▶ _Requirement_
Send back exactly the lines from the opening line of the records below through the one with "724. Circa 1900-1914.".

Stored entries
▼▼▼

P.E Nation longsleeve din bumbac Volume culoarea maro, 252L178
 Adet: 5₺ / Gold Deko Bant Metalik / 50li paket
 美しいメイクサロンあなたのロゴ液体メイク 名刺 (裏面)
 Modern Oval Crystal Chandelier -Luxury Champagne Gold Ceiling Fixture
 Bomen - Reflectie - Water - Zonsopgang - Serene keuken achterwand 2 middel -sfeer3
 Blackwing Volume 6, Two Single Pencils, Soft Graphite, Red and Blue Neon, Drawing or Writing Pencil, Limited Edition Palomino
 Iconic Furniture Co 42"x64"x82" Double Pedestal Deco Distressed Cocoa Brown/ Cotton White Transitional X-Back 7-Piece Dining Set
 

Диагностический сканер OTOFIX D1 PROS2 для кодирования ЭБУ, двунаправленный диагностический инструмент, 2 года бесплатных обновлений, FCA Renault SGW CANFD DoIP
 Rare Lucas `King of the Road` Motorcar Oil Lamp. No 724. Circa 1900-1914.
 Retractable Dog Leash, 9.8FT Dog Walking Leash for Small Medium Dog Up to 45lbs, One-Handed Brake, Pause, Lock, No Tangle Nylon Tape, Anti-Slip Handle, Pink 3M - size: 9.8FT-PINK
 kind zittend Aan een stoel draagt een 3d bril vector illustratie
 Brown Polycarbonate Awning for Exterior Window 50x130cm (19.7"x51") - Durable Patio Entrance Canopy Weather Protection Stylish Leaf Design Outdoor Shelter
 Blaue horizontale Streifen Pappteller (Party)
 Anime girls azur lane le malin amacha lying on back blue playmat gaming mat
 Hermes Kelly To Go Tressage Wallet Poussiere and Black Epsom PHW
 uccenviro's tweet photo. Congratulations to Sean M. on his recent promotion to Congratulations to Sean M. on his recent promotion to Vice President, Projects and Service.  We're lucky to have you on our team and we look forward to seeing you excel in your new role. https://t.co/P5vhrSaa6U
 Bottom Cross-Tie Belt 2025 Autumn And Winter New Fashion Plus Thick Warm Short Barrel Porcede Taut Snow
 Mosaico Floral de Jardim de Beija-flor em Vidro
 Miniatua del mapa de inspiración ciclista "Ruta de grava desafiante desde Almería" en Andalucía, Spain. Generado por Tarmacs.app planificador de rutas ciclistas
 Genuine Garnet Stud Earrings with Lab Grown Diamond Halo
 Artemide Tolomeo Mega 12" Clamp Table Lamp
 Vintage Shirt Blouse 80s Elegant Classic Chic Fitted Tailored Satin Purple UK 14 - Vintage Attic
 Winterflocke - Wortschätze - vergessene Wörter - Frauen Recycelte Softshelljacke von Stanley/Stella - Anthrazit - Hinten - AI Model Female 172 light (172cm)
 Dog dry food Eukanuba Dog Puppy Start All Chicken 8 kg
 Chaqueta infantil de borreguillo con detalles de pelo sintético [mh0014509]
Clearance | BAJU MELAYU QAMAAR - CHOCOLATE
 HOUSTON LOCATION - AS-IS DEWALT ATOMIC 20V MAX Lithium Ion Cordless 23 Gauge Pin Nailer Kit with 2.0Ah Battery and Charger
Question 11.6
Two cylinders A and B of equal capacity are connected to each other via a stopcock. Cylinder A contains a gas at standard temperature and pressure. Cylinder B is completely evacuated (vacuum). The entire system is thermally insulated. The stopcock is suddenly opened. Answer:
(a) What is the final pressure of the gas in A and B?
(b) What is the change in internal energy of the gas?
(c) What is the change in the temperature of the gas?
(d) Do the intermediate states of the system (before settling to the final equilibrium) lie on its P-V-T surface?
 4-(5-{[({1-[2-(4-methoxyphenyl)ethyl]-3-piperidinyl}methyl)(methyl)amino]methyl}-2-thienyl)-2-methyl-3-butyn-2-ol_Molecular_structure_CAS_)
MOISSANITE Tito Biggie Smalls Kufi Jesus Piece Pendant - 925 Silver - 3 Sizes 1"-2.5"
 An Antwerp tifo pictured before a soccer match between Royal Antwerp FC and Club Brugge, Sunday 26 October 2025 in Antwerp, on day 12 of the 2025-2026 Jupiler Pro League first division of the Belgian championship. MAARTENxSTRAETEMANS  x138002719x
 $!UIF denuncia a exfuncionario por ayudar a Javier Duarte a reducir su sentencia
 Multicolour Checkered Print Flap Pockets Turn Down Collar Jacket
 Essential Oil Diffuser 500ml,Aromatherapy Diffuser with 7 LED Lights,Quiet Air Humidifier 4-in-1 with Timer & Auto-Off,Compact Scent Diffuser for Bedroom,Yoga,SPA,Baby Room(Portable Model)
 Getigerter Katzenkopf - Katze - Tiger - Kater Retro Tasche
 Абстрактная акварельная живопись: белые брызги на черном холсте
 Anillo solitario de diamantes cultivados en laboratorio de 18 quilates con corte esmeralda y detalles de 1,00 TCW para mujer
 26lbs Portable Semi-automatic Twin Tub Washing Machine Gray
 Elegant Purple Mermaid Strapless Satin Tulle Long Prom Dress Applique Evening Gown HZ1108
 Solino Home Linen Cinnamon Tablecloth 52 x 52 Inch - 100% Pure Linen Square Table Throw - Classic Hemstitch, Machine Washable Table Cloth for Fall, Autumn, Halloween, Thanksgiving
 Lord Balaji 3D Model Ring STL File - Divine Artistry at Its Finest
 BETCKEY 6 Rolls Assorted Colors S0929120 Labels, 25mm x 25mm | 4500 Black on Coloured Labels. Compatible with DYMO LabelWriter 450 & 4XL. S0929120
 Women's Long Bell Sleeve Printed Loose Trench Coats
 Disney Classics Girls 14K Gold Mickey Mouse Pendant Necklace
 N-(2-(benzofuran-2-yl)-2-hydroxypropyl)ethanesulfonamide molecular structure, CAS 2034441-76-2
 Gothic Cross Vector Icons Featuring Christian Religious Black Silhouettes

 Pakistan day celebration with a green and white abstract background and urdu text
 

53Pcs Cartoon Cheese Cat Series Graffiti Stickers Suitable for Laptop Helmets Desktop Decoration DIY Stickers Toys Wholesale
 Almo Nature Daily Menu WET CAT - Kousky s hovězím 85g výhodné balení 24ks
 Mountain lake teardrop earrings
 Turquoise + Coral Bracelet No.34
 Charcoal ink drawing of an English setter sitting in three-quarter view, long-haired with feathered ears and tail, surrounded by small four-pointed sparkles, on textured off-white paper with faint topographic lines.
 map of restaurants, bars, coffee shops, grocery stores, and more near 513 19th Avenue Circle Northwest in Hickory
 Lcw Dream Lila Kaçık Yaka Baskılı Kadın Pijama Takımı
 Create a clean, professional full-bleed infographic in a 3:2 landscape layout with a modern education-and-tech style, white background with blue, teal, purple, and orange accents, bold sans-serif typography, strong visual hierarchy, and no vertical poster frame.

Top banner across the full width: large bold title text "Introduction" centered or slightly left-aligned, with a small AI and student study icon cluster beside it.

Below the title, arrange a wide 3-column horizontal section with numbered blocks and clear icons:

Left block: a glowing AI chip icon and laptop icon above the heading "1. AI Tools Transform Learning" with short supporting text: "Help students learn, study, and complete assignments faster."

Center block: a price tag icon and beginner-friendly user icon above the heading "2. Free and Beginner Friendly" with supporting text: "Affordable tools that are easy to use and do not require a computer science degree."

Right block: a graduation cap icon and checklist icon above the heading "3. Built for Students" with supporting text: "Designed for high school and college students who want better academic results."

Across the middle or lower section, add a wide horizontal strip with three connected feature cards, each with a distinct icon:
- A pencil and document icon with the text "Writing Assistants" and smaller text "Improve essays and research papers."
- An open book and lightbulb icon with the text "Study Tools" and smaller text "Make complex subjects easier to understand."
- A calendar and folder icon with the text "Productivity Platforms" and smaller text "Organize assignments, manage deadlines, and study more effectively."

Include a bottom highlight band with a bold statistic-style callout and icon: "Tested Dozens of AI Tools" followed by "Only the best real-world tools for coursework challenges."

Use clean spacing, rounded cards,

▲▲▲

▶ _Answer to the problem_
P.E Nation longsleeve din bumbac Volume culoarea maro, 252L178
 Adet: 5₺ / Gold Deko Bant Metalik / 50li paket
 美しいメイクサロンあなたのロゴ液体メイク 名刺 (裏面)
 Modern Oval Crystal Chandelier -Luxury Champagne Gold Ceiling Fixture
 Bomen - Reflectie - Water - Zonsopgang - Serene keuken achterwand 2 middel -sfeer3
 Blackwing Volume 6, Two Single Pencils, Soft Graphite, Red and Blue Neon, Drawing or Writing Pencil, Limited Edition Palomino
 Iconic Furniture Co 42"x64"x82" Double Pedestal Deco Distressed Cocoa Brown/ Cotton White Transitional X-Back 7-Piece Dining Set
 

Диагностический сканер OTOFIX D1 PROS2 для кодирования ЭБУ, двунаправленный диагностический инструмент, 2 года бесплатных обновлений, FCA Renault SGW CANFD DoIP
 Rare Lucas `King of the Road` Motorcar Oil Lamp. No 724. Circa 1900-1914.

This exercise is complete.